There are a number of ways to test how well a person hears. In the clinic you may try some rather crude screening methods. At other time you may need to refer patients to trained audiologists for special testing. This section is aimed at introducing you to the major ways in which hearing is tested.
At the end of this section, you should be able to:
1. Describe the effects of different degrees of hearing loss on speech and language
2. Describe the various methods used for evaluating hearing loss
5. Describe the several approaches to rehabilitation available for hearing impaired individuals.
Hearing loss may be categorized by degree. This table below does not take into account some important variables, including age of the individual which, as we will see later impacts critically on language development.
Accurate otologic diagnosis often depends on reliable and accurate tests of hearing. The results of such tests help identify the sites of lesions and and point to strategies for intervention and treatment. Patients may be screened in a relatively course way, or may be evaluated using more sophisticated testing procedures.

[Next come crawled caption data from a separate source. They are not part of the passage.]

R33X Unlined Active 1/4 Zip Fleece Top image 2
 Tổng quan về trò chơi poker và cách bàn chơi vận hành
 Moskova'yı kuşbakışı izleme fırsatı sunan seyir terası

Some simple procedures can be carried out to give clues as to the nature of the hearing loss:
In conversation, how does the person respond when you speak to him/her? Does the person have to see your face to understand what you are saying? Does the person tend to
favor one or the other ear? Using a tuning fork may help evaluate the nature of a hearing loss short of an audiologic examination.

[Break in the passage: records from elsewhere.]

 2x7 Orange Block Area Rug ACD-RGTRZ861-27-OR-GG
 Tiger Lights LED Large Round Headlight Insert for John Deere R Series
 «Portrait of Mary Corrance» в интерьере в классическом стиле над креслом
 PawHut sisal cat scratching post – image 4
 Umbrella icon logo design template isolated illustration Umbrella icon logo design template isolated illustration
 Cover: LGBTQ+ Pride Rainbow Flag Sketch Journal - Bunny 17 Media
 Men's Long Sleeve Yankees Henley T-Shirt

The basic battery of audiometric tests normally includes pure-tone testing of threshold by both air and bone conduction, speech reception threshold (SRT), and speech discrimination (SDS). These tests normally require the cooperation of the subject whose response to a sound is indicated by some gesture (e.g. raised hand). Testing is typically carried out in a sound-attenuated room with the subject listening to carefully calibrated sounds.
Threshold sensitivity testing using airborne pure tones.

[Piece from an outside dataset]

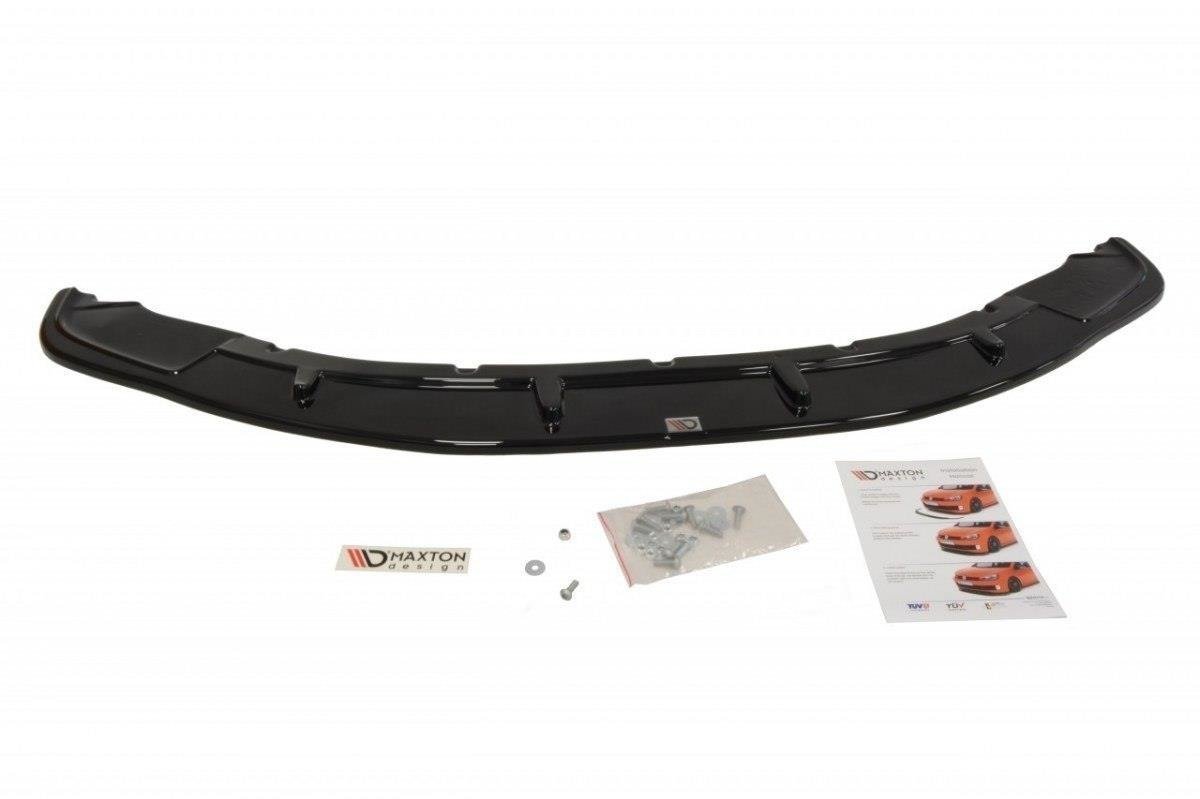 Street+ Spoilerlippe Front Ansatz passend für HONDA CIVIC VIII TYPE R GP schwarz Hochglanz – Ansicht 6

Testing is done using earphones thereby allowing each ear to be examined independently. Tones are reduced in intensity until they are no longer heard, at which point the examiner alternately raises and lowers the intensity of the sound until a just-detectable threshold is determined. This is repeated at several frequencies within the audible range and the results plotted as an audiogram. The shape of the curve is a measure of the frequency sensitivity of both the middle ear and the inner ear. To differentiate between middle ear (conductive) and inner ear (sensorineural) components to a hearing loss it is necessary to conduct additional tests.
Here testing is done with a vibrator placed somewhere on the skull (usually the mastoid). The testing and plotting procedures are the same as with air conduction testing. In this case, however, sound is transmitted directly to the cochlea via bone conduction, thereby by-passing the transmission mechanism of the middle ear. Thus, audiograms obtained using both bone and air conducted sounds provide information about the integrity of both the middle and inner ears. Difficulty in hearing only air conducted sounds results in a separation of the bone and air conduction audiograms - the so-called "air-bone gap".
The threshold for hearing easily-recognized two-syllable words (e.g. baseball, iceberg, eardrum) is called the speech reception threshold(SRT). Since speech is made up of pure tones, this threshold should be very close to pure tone thresholds up to about 4 kHz, which is the range offrequencies occupied by most normal speech sounds.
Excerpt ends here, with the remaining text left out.